Microsegmentation is a hot topic, and is one of the top-three inquiry subjects for Gartner clients regarding cloud security. I’m not a security analyst, but microsegmentation comes up quite a bit on my client calls, probably because many folks are looking at Cisco ACI and/or VMware NSX (and it has driven at least 50% of the NSX deals that I’ve seen to date).
When I first heard the term “microsegmentation” I thought that’s a cute marketing term for “intra-data center firewalling”, but it has stuck (marketers win again), and has real value in the enterprise… Along these lines, my colleague, Greg Young just published research on the topic, Technology Insight for Microsegmentation in which we offer our official definition, benefits/risks and describe four architectural models to deliver microsegmentation.
It is an important technology, and one that enterprises must carefully consider before implementing, as Greg wrote in the article: Microsegmentation is the future of modern data center and cloud security; but not getting the microsegmentation-supporting technology right can be analogous to building the wrong foundation for a building and trying to adapt afterward. In addition, microsegmentation can certainly lead to a worst security practice, oversegmentation.
The four architectural models associated with microsegmentation (as described in the research) include
- Native microsegmentation uses the inherent or included capabilities offered within the virtualization platform, IaaS, operating system/hypervisor or infrastructure. Vendors include Amazon, Cisco, Microsoft and VMware.
- Third-party model for microsegmentation is based primarily upon the virtual firewalls offered by third-party firewall vendors. Vendors include the usual firewall suspects, Cisco, Checkpoint, Fortinet, Juniper, Palo Alto, SonicWall, Sophos, and Huawei.

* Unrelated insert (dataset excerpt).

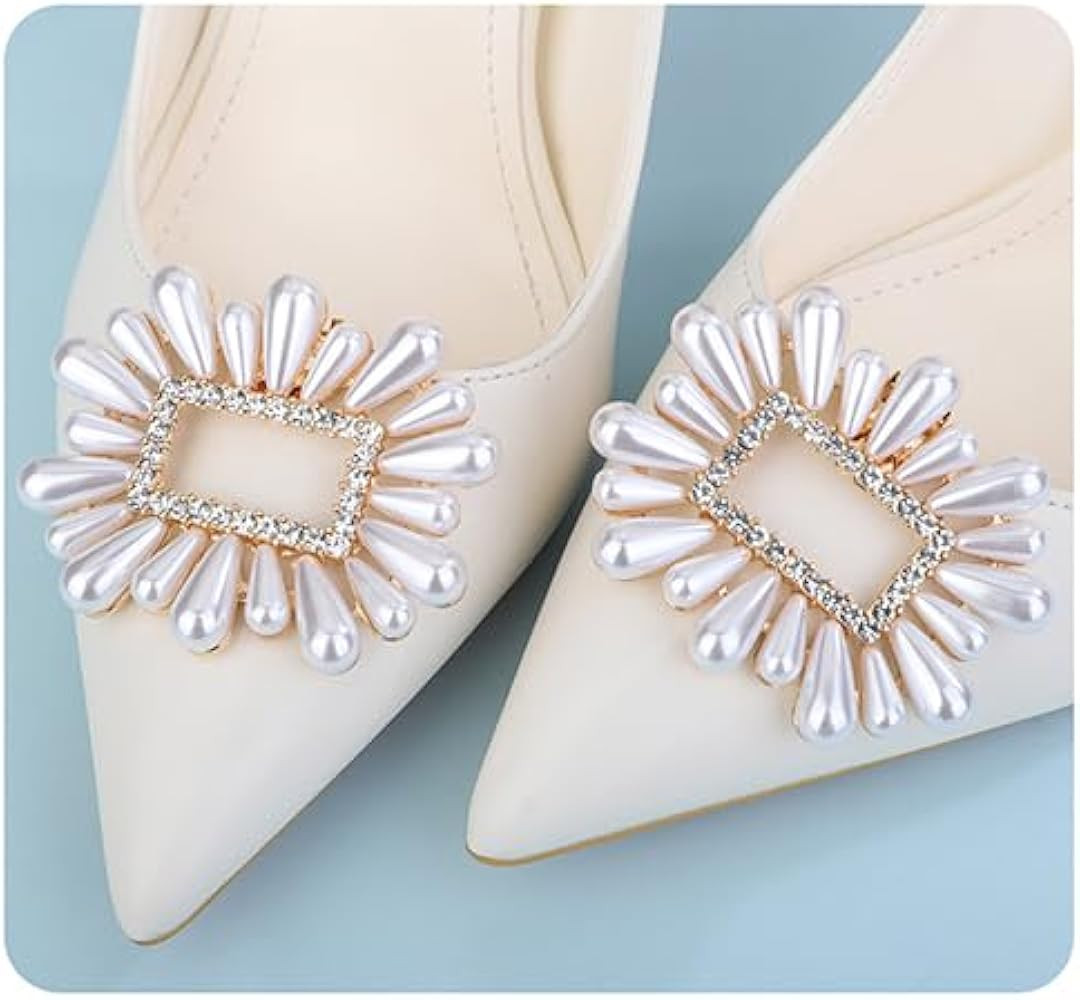 Xerling 1 Pair Black Bow Shoe Clips Detachable Bow Tie Bowknot Shoe Buckle Clips Wedding Shoe Cry... | Amazon (US)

- Overlay model for microsegmentation typically uses some form of agent or software within each host, rather than moderating communications as firewalls do. Vendors include Cisco, CloudPassage, Drawbridge Networks, Guardicore, Illumio, Juniper, ShieldX, vArmour, and Unisys.
- Hybrid model of microsegmentation is a combination of mostly native and third-party controls.

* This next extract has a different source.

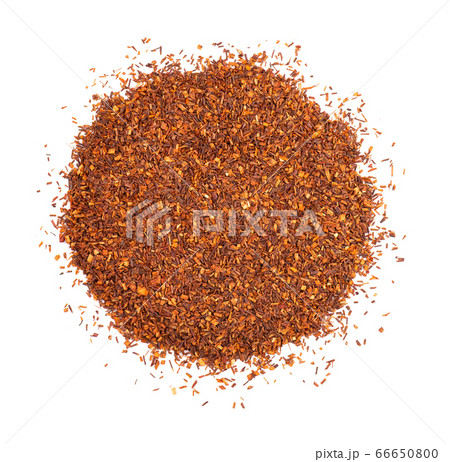 Rooibos tea isolated on white background. Rooibos, traditional beverage in South Africa. Organic tea. Top view. Close up. 66650800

When deciding on microseg solutions, it isn’t just a technical decision, it should include people, process and technology. Thus, don’t just choose the model of security you would like to impose, instead it comes down to picking the architectural model that secures the realities of how your data center operates (in other words: Shiny New Object Meets Legacy Runs the World).
Technology Insight for Microsegmentation
Side note: Blogs on Nanosegmentation, Picosegmentation, Femtosegmentation, or Attosegmentation are not planned.